### Records shown
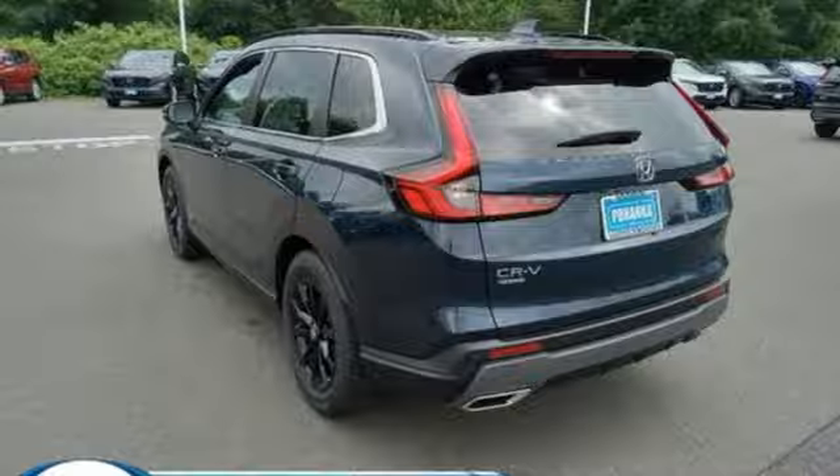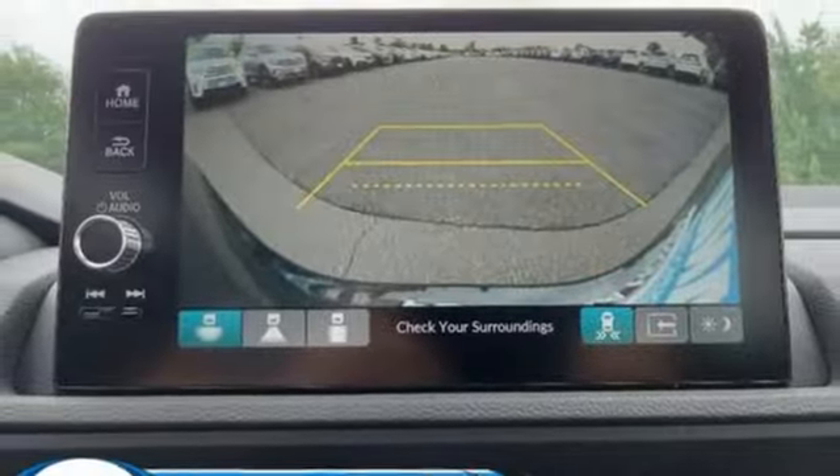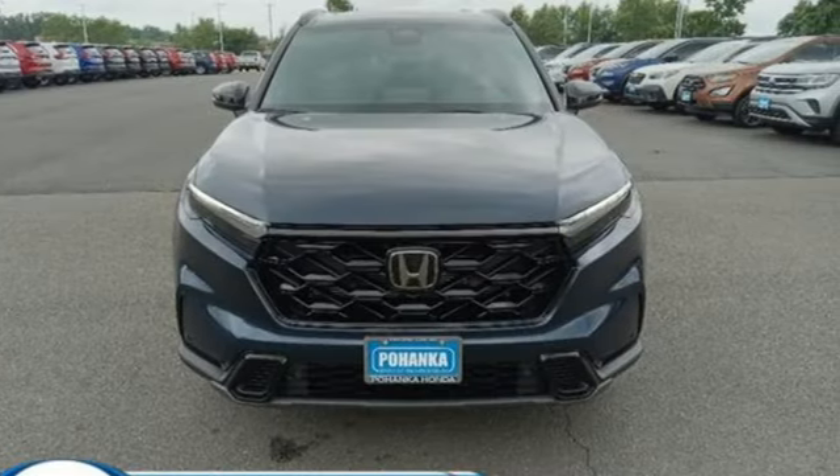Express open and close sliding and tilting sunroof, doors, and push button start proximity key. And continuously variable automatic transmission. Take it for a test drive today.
...
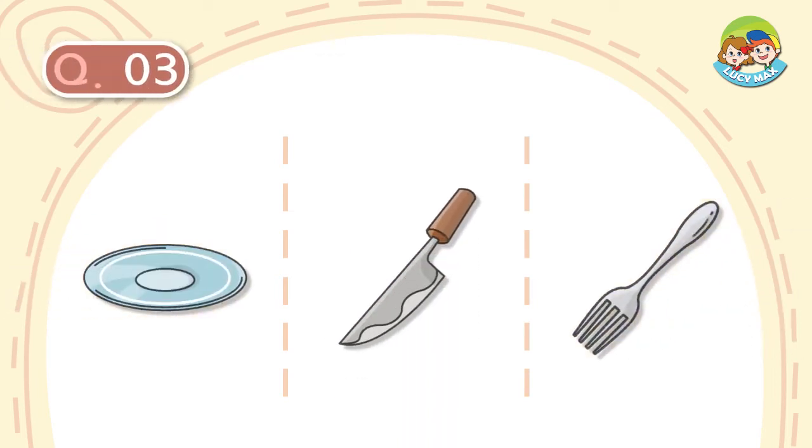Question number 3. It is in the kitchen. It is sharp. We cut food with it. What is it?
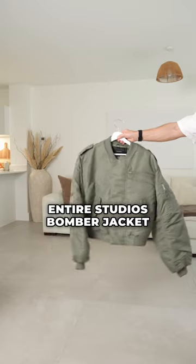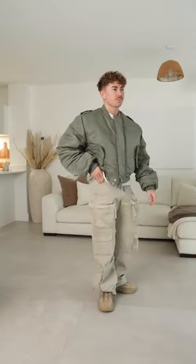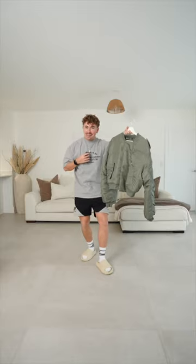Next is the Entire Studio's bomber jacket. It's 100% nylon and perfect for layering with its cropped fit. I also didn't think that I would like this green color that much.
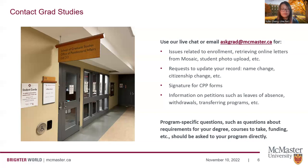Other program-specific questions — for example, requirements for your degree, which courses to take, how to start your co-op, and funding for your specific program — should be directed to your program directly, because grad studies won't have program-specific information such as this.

### To do
Set down exactly the lines above, from the line containing "Next is the" through the line containing "Other program-specific questions". Skip the pictures.

### Written solution
Next is the Entire Studio's bomber jacket. It's 100% nylon and perfect for layering with its cropped fit. I also didn't think that I would like this green color that much.
Other program-specific questions — for example, requirements for your degree, which courses to take, how to start your co-op, and funding for your specific program — should be directed to your program directly, because grad studies won't have program-specific information such as this.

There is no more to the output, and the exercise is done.